ニュース
スーパー耐久最終戦、トヨタGRカンパニー高橋智也プレジデントらに聞く 2023年シーズンの成果や「液水カローラ」の進化と次期「GR86」
2023年11月27日 11:28
TOYOTA GAZOO Racing Company プレジデントの高橋智也氏に聞く
TOYOTA GAZOO Racingは11月12日、富士スピードウェイで開催されていた「ENEOS スーパー耐久シリーズ2023 Supported by BRIDGESTONE 第7戦 S耐ファイナル 富士4時間レース with フジニックフェス(以下、S耐最終戦)」にて、今シーズンの振り返りを行なった。
TOYOTA GAZOO Racing Company プレジデントの高橋智也氏は、S耐を運営するSTO(スーパー耐久機構)をはじめ、参加している自動車メーカーやチーム、ドライバー、エンジニア、スタッフ、メディアと、S耐に関わるすべての仲間へ感謝を述べつつ、「本当に大きな進化を遂げられた1年だと思います。
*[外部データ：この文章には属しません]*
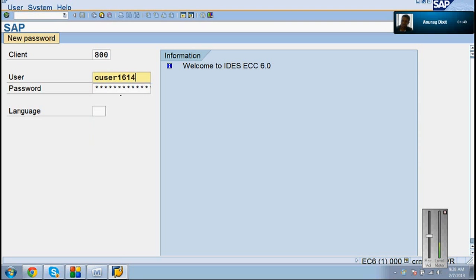You can open the sales order if it would have been returned already. If you want to see already returned. Otherwise, you can straight away create a return and call the existing document from a return. How can I create a return? Is there any T-code for that? It is VA01, RE document type. RE document type.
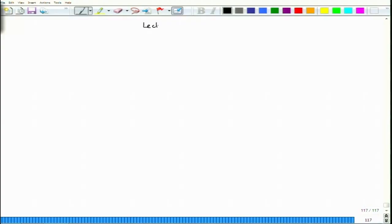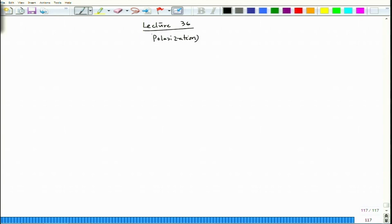So, let us begin lecture 36. We will continue our discussion on polarization, which is part of kinetics of corrosion.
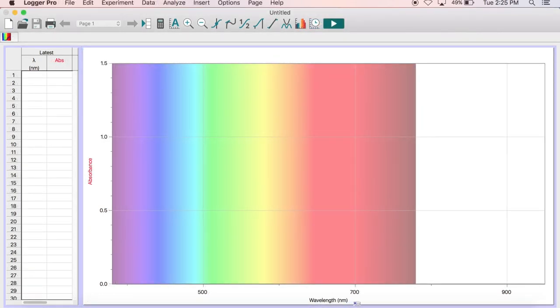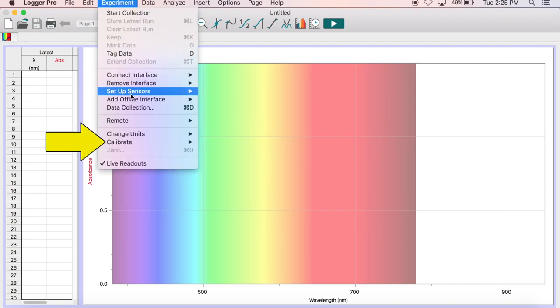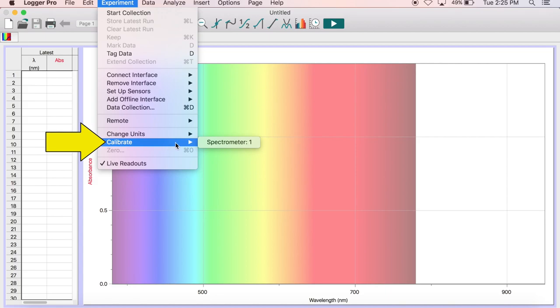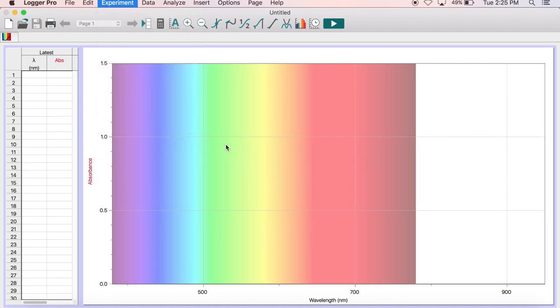Before you begin, you need to calibrate the spectrometer. From the Experiments menu at the top of the screen, select Calibrate, Spectrometer 1, and then wait 90 seconds for the lamp to warm up.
これはやはり“意志と情熱を持って行動するんだ”というモリゾウの思いに、チーム一丸となって進んできた結果だと思っています。イベント広場にも仲間が増えています。今回“肉フェス”にて水素発電で給電していましたが、あれって2年前に僕が最初に水素カローラで参戦したときは、あんな光景はまったくなかったです。当時は水素を使うにしてもいろいろ申請が必要で、その申請にもすごい時間がかかったのですが、法整備や理解が進み、今では当たり前になってきているのも大きな進化かなと思っています」と説明。
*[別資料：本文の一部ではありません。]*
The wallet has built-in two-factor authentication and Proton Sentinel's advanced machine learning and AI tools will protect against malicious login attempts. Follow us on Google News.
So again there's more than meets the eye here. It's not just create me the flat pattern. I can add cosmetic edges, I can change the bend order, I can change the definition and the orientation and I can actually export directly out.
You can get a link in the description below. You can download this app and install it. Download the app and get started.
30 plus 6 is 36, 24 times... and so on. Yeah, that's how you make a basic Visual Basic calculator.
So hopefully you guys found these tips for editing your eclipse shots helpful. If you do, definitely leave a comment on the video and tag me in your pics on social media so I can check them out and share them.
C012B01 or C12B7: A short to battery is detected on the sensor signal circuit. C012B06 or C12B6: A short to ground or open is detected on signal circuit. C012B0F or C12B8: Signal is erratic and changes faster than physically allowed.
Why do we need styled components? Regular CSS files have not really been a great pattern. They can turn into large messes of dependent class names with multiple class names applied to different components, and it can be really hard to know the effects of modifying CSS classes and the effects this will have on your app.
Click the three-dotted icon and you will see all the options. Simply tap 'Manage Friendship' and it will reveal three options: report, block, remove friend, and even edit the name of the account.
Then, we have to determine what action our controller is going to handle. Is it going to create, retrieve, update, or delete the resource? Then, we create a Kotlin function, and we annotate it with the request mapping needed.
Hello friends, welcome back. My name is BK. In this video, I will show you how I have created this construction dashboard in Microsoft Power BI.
さらに高橋氏は、「そのほかにもJAFと連携した“移動式ステーション”とか、昨日発表した水素エンジンのハイエースの実証実験を始めるとか、ものすごく大きなことがこのS耐を中心に動いていると感じています。もちろんそれはトヨタだけではなくて、本当に多くの仲間と一緒に取り組んでいるからこそ、こういう動きにつながっていると思っています。また、会見のバックパネルに記載している仲間の数が、2021年の参戦したときは8社でしたが。今年は45社まで広がり、本当にこの活動に共感してくれる仲間が増えている、育ってきていると実感していますし、こういった変化も世間に届けられたらいいなと思っています」と、今シーズンを振り返った。
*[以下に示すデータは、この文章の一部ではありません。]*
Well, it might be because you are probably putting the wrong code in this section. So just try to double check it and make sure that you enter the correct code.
続いて、TOYOTA GAZOO Racing Company GR車両開発部 先行開発室 室長の三好達也氏から32号車 GR Corolla H2 conceptの進化について説明があった。三好氏によるとS耐最終戦でのトピックスは「航続距離」「出力」の2つがあると前置きし、「航続距離はモリゾウ選手のスティントで20周と、これまでの16周から4周ほど伸ばせたました。出力については、モリゾウ選手が予選の走行で、5月の24時間レースのタイムから2秒短縮していることから、モリゾウ選手の技術の向上もあるかと思いますが、出力の向上の結果が出ていると思っています」と解説。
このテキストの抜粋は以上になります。